YOUR TASK:
Repeat only the lines below from the one containing "UA GUCCI HORSEBIT PLATFORM SANDAL" through the one containing "Omega Seamaster Planet", inclusive, exactly as written.

DATA FOR REVIEW:
****

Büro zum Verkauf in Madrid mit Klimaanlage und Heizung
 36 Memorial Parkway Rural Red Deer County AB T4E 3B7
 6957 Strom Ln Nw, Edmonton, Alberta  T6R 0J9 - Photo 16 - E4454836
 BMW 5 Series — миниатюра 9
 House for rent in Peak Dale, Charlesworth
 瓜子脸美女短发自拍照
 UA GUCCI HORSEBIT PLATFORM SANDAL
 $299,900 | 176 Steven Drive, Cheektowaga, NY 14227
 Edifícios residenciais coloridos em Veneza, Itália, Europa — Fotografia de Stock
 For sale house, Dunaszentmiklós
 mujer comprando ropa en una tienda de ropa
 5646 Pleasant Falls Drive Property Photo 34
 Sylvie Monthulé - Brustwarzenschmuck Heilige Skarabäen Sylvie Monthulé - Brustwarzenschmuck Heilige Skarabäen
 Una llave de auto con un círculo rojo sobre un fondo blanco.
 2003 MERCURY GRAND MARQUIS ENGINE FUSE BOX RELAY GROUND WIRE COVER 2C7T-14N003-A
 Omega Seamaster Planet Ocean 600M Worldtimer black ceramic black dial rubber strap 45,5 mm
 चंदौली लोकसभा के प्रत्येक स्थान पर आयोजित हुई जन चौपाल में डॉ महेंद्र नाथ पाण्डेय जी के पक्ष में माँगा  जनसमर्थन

****

SOLUTION FOR THIS PROBLEM:
 UA GUCCI HORSEBIT PLATFORM SANDAL
 $299,900 | 176 Steven Drive, Cheektowaga, NY 14227
 Edifícios residenciais coloridos em Veneza, Itália, Europa — Fotografia de Stock
 For sale house, Dunaszentmiklós
 mujer comprando ropa en una tienda de ropa
 5646 Pleasant Falls Drive Property Photo 34
 Sylvie Monthulé - Brustwarzenschmuck Heilige Skarabäen Sylvie Monthulé - Brustwarzenschmuck Heilige Skarabäen
 Una llave de auto con un círculo rojo sobre un fondo blanco.
 2003 MERCURY GRAND MARQUIS ENGINE FUSE BOX RELAY GROUND WIRE COVER 2C7T-14N003-A
 Omega Seamaster Planet Ocean 600M Worldtimer black ceramic black dial rubber strap 45,5 mm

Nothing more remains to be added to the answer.